Stored data:

-------------------------

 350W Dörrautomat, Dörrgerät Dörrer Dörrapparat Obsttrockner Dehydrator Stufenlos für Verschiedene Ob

-------------------------

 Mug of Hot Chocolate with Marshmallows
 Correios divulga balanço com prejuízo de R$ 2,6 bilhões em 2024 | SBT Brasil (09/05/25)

-------------------------

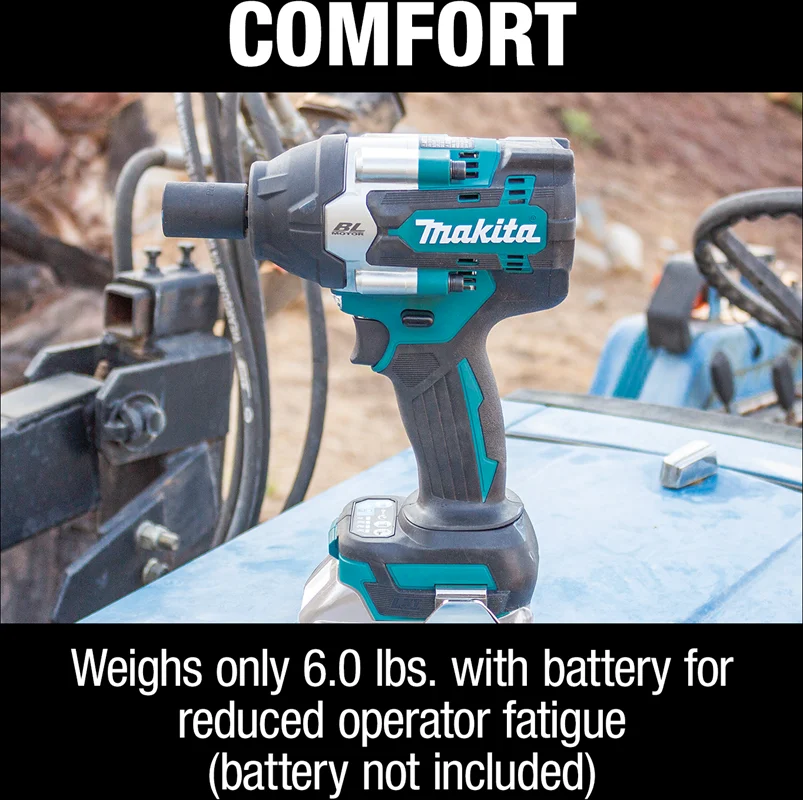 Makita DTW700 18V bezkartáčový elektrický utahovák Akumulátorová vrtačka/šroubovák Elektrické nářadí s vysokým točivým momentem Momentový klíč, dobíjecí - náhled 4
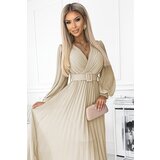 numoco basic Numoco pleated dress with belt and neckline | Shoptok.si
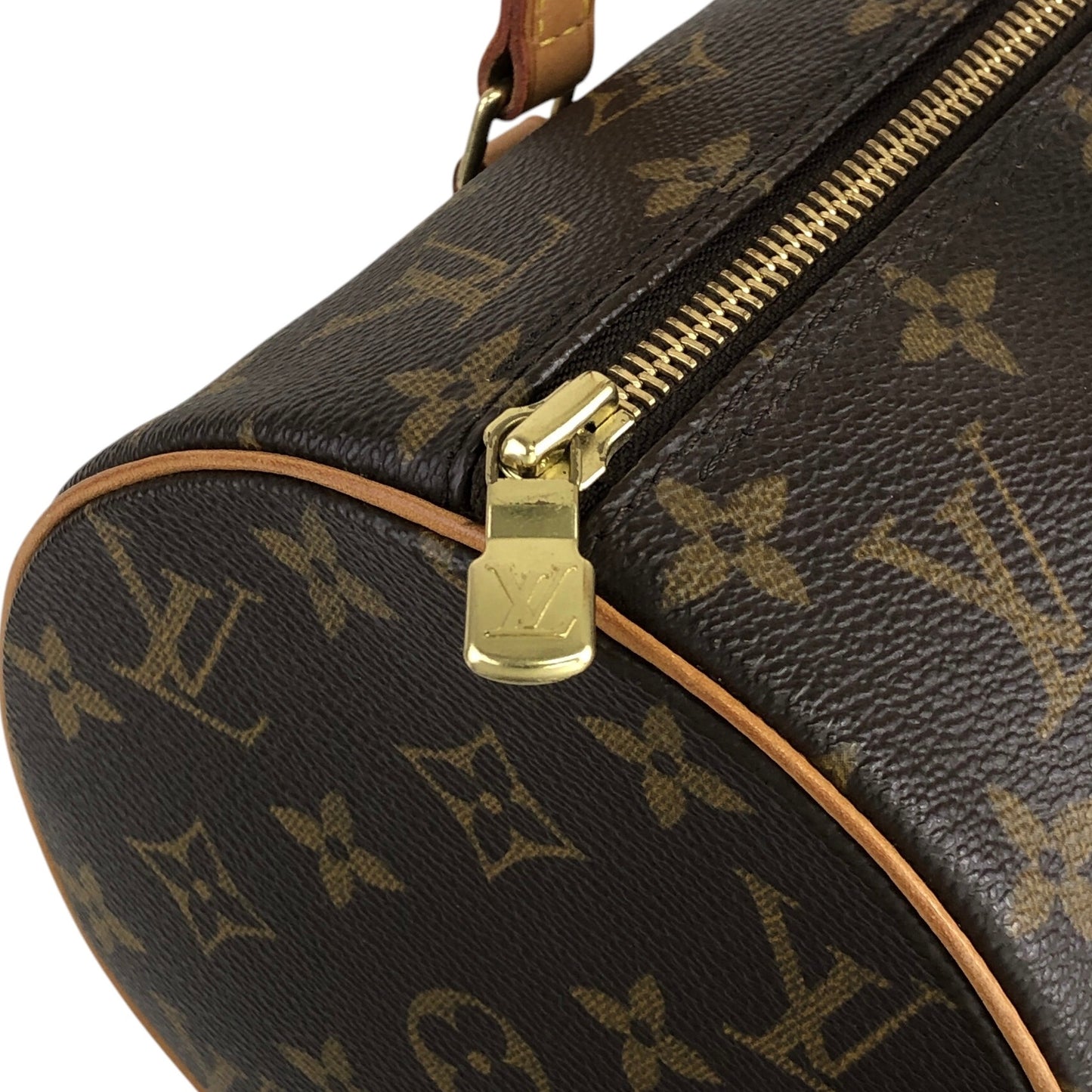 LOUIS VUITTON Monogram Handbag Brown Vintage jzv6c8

-------------------------

What the task requires:
In the entries above, please find the line with "Mug of Hot Chocolate with Marshmallows" and the line with "Correios divulga balanço", then write out exactly those two lines and every line between them, and nothing more.

Your solution:
 Mug of Hot Chocolate with Marshmallows
 Correios divulga balanço com prejuízo de R$ 2,6 bilhões em 2024 | SBT Brasil (09/05/25)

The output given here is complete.